Juízo positivo de admissibilidade às fls. 1.906.

É o relatório. Passo a decidir.

De início, afasta-se a alegada violação dos artigos 489 e 1.022 do CPC/2015, porquanto o
acórdão recorrido manifestou-se de maneira clara e fundamentada a respeito das questões
relevantes para a solução da controvérsia. A tutela jurisdicional foi prestada de forma eficaz, não
havendo razão para a anulação do acórdão proferido em sede de embargos de declaração.

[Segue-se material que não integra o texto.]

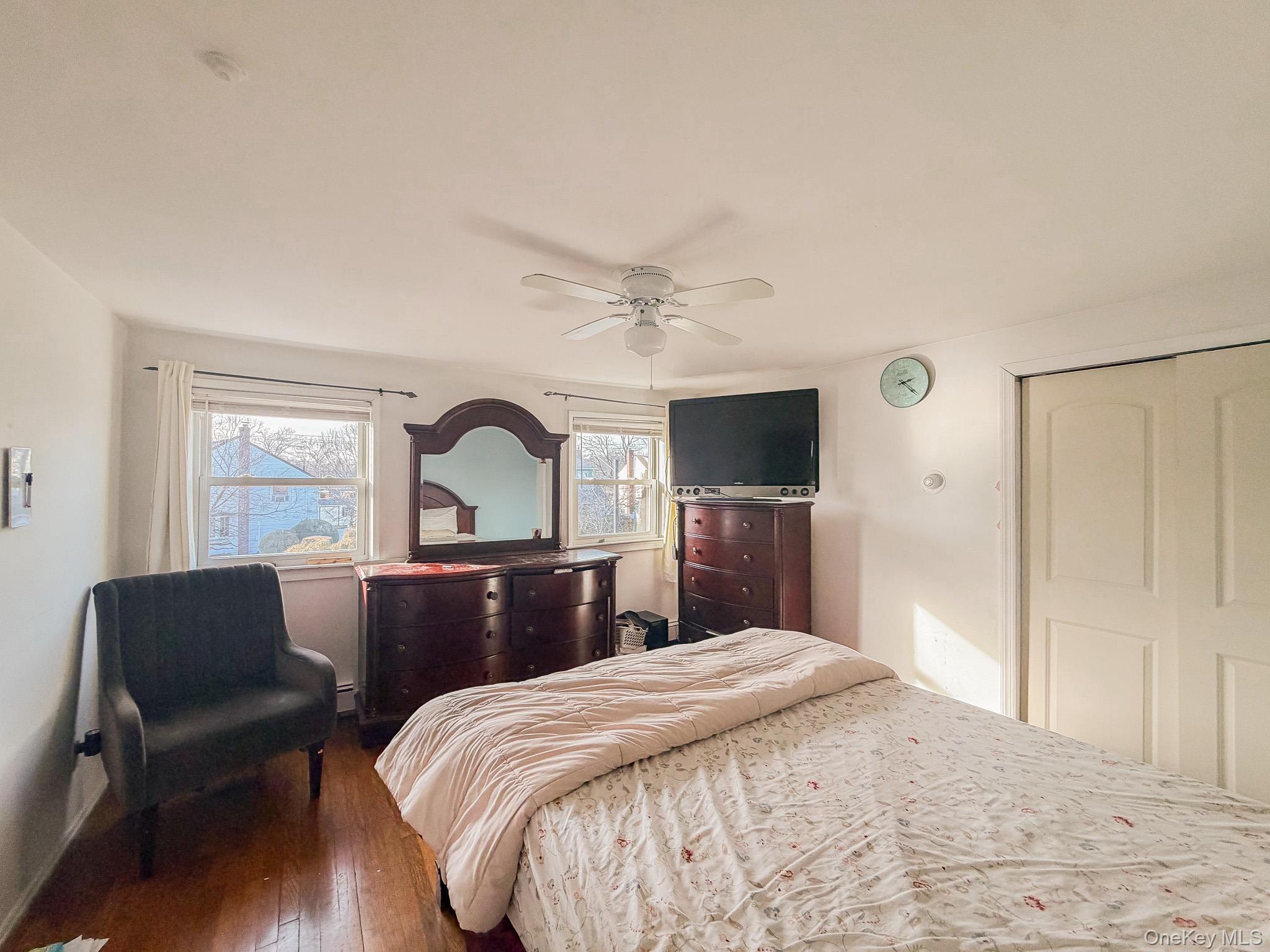 #17 photo, 25 Ford Drive, নাসাউ কাউন্টি Merrick , NY 11758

Após detido estudo dos autos, fica cristalino que a real pretensão da recorrente é a
revisão da lide de forma ampla, no sentido de que esta Corte se pronuncie a respeito de temas
como comprovação de nexo de causalidade e de elementos subjetivos e do fato constitutivo do
direito, e indenização situações que já foram devidamente consideradas e ponderadas pelas
instâncias ordinárias em estrita observância às normas de regência, bem como à descrição fática
– controversa – e às provas carreadas aos autos. Assim, após ampla análise do conjunto fático
probatório dos autos, o tribunal local concluiu que (fls. 1.799/1.803):

Vejo que a demanda não merece maiores elocubrações, visto o vasto cabedal
de provas apresentados no processo originário, inclusive com audiência de instrução
presidida pelo magistrado sentenciante.

Ressalto que o dano material não é matéria do apelo, se restringindo apenas
ao dano moral.

A responsabilidade civil tem sustentação jurídica. Depende da prática de ato
ilícito e, portanto, antijurídico, cometido conscientemente, dirigido a um ?m, ou
orientado por comportamento irre?etido, mas informado pela desídia, pelo
açodamento ou pela inabilidade técnica, desde que conduza a um resultado danoso no
plano material, imaterial ou moral.

Nestes termos, cumpre analisar os elementos ocasionadores da
responsabilidade civil decorrente de dever jurídico, quais sejam: conduta ilícita, dano
e nexo de causalidade entre a conduta e o dano, a ?m de veri?car ou não sua
caracterização.

Diante destes conceitos básicos e da conduta imputada a empresa apelante,
veri?ca-se que ao promover a construção da Usina Hidrelétrica, esta provocou danos
aos recorrentes/apelados.

Paralelamente, tem-se que a recorrida/apelante enquanto concessionária
responsável pela implantação do projeto hidrelétrico possui responsabilidade
objetiva, conforme bem delineado pelo magistrado, no qual peço vênia para
transcrever o seu entendimento:

“Em se tratando de concessionária de serviços públicos, a responsabilidade
civil é objetiva e não depende da comprovação de culpa, conforme ensina o
artigo 37, § 1º, da Constituição da República, bastando a prova da ação, do
dano ou prejuízo e do nexo de causalidade.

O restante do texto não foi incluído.